What is expected:
Copy exactly the lines of the material below that fall between the line with "Sturgeon Bay Hideaway" and the line with "Antigo Enfeite Decorativo", both of those lines included; pictures stay out.
[Start of section]
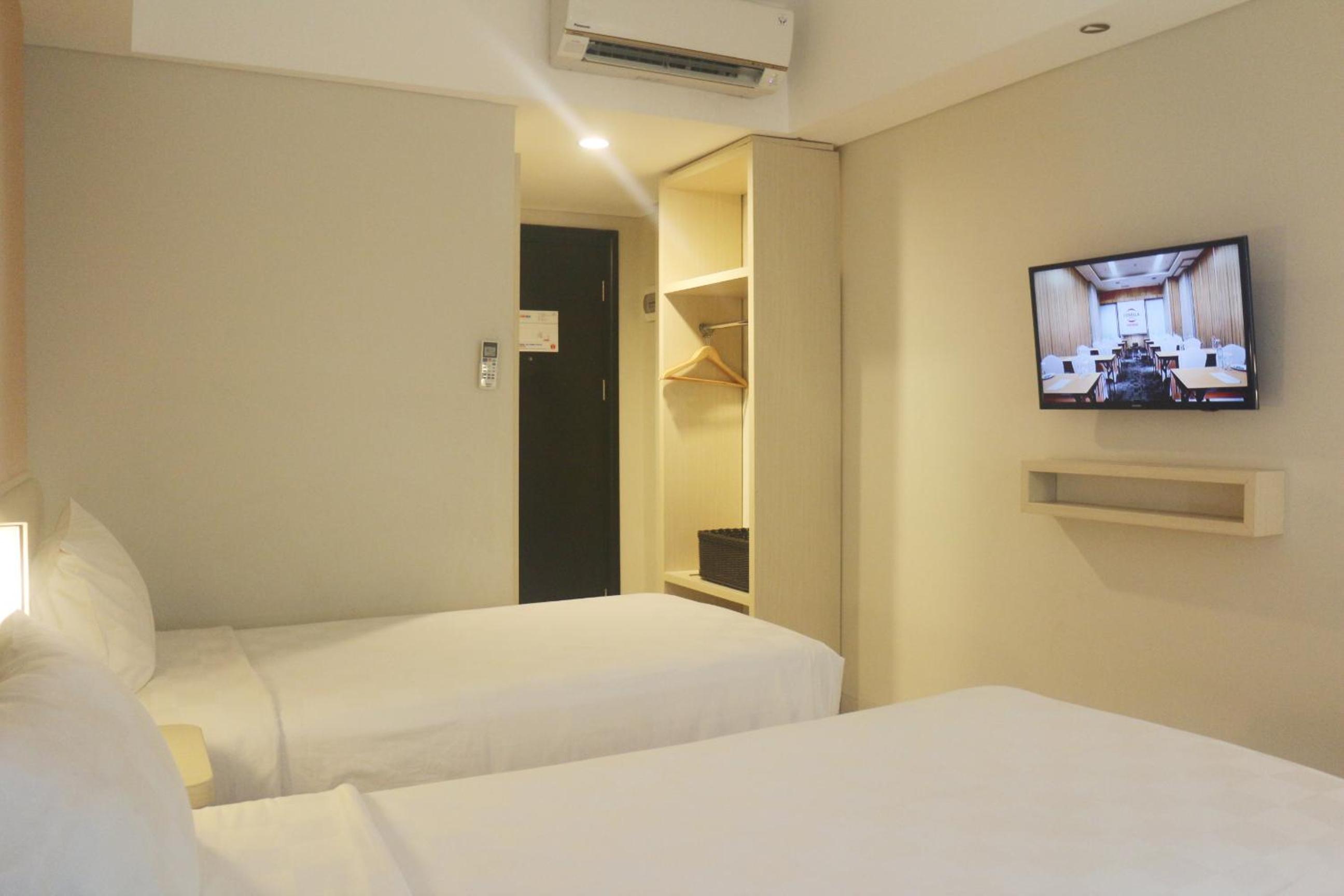 Deluxe Smart Twin Room photo 2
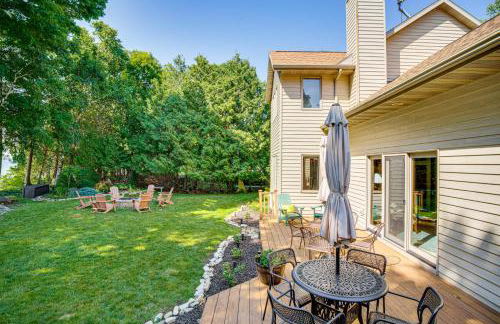 Sturgeon Bay Hideaway with Direct Water Access! - Photo 32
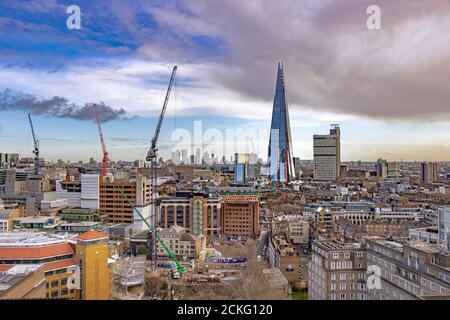 Ein Blick über einen Teil des Londoner Stadtteils Southwark mit dem Shard und dem Guy's Hospital nebeneinander, London, Großbritannien Stockfoto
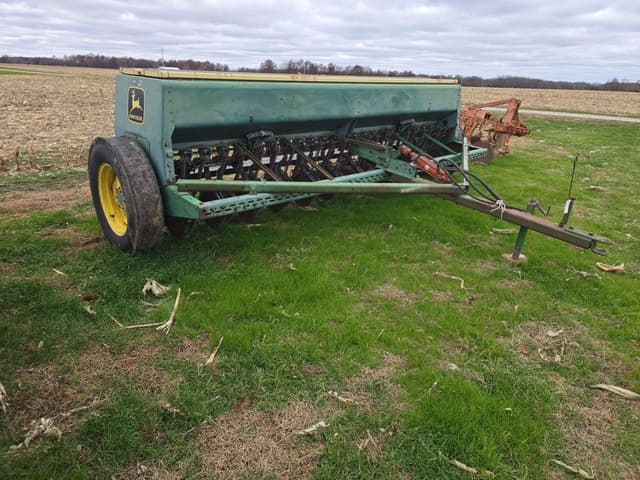 Image of John Deere 8300 equipment image 2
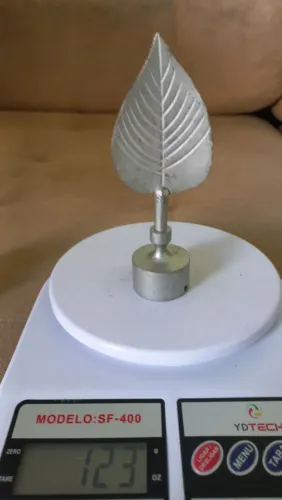 Antigo Enfeite Decorativo Folha em Metal antiguidade enfeite decoração cenário raridade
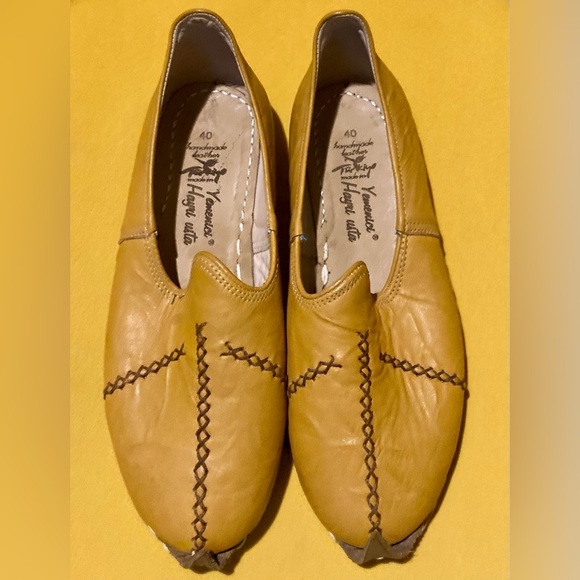 Yeminici Hand Made Shoes (Size 40 / US W 9 - 9.5 / US M 7.5 -8) - Picture 2 of 8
[End of section]
Problem solution:
 Sturgeon Bay Hideaway with Direct Water Access! - Photo 32
 Ein Blick über einen Teil des Londoner Stadtteils Southwark mit dem Shard und dem Guy's Hospital nebeneinander, London, Großbritannien Stockfoto
 Image of John Deere 8300 equipment image 2
 Antigo Enfeite Decorativo Folha em Metal antiguidade enfeite decoração cenário raridade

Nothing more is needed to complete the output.